In de tijd dat ik daar werkte, deed de automatisering haar intrede. Daardoor kon het gebeuren dat ik weleens een hele middag in de kelder doorbracht omdat de senior-catalogusbeambte ontdekt had dat er een streepjescode op een verkeerd boek terecht gekomen was. Naar zo’n boek – het kon elk boek in het duizenden boeken tellende magazijn zijn – mocht ik op kosten van de baas uren zoeken.
In die kelder lagen ook de afgeschreven boeken. Een uitkomst voor wie nog niet zo heel veel geld te besteden had. In de maanden dat ik jongste bediende was, ontfermde ik me over menig meesterwerk. (Later toen ik me wel boeken kon veroorloven, belandden die boeken alsnog bij het oud papier: ik schaamde me voor hen en durfde ze niet naast nieuw in de kast te zetten.)
Rudy Kousbroek was in mijn bibliotheek van afgeschreven boeken goed vertegenwoordigd. Zijn Anathema’s had ik allemaal, maar ook daar deed ik uiteindelijk uit ijdele overwegingen afstand van.
Hoewel ik van de Anathema’s gehoord had, zou ik ze nooit gekocht hebben als ik er niet eerst in afgeschreven staat kennis mee gemaakt zou hebben. (Wie durft er nog te beweren dat de verkoop van boeken stagneert door het bestaan van bibliotheken) en zonder de Anathema’s (het zijn er nu meer dan toen) zou ik nooit op De aaibaarheidsfactor, Het Oost-Indisch kampsyndroom en de vertaling Stijloefeningen van Raymond Queneau gekomen zijn.
En ook niet op de fotosyntheses – Opgespoorde wonderen (2003), Verborgen verwantschappen (2005) en Het raadsel der herkenning (2007) die samen Opgespoorde wonderen: de fotosyntheses verzameld vormen.
Rudy Kousbroek kon heel erg goed naar foto’s kijken. Rudy Kousbroek keek niet zoals Hans Aarsman dat doet. Het ging Rudy Kousbroek niet om dat ene detail dat een foto van betekenis kan doen veranderen. Het ging hem om het verhaal dat een foto uitlokt. Dat verhaal ving hij vervolgens in een titel.
Als ik bladerend op de bank zit, heb ik aan die titel bij die foto eigenlijk al genoeg. Daarmee weet Rudy Kousbroek mijn fantasie voldoende te prikkelen. Er ontstaat spontaan een verhaal.
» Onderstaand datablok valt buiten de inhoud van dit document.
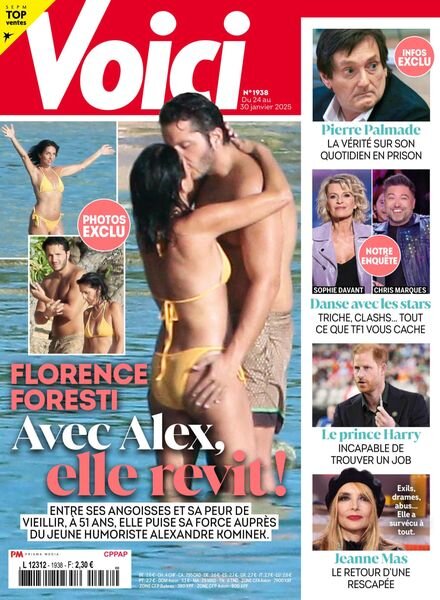 Voici – 24 Janvier 2025 Cover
Als mijn verbeelding uitgesproken is en ik aan het verhaal dat Rudy Kousbroek bij een foto ‘verzonnen’ heeft begin, blijkt achter die titel die de lading van het plaatje volledig dekt een onverwacht verhaal schuil te gaan. Een verhaal dat nog steeds alles met de foto en de titel te maken heeft, maar dat niet per se voor de hand ligt.
Bovendien maakte Rudy Kousbroek hoewel hij helemaal niet zoveel woorden mocht gebruiken omtrekkende bewegingen en sloeg hij zomaar zijwegen in. Maar een verhaal kwam bij Rudy Kousbroek altijd weer op zijn pootjes terecht.
Aan mijn baantje als jongste bediende op die catalogusafdeling dank ik de anathema’s. De anathema’s en de fotosytheses hebben Rudy Kousbroek gemeen. Zijn liefdes, zijn kijken, zijn proberend schrijven, zijn taal. Zij zijn onmiskenbaar familie.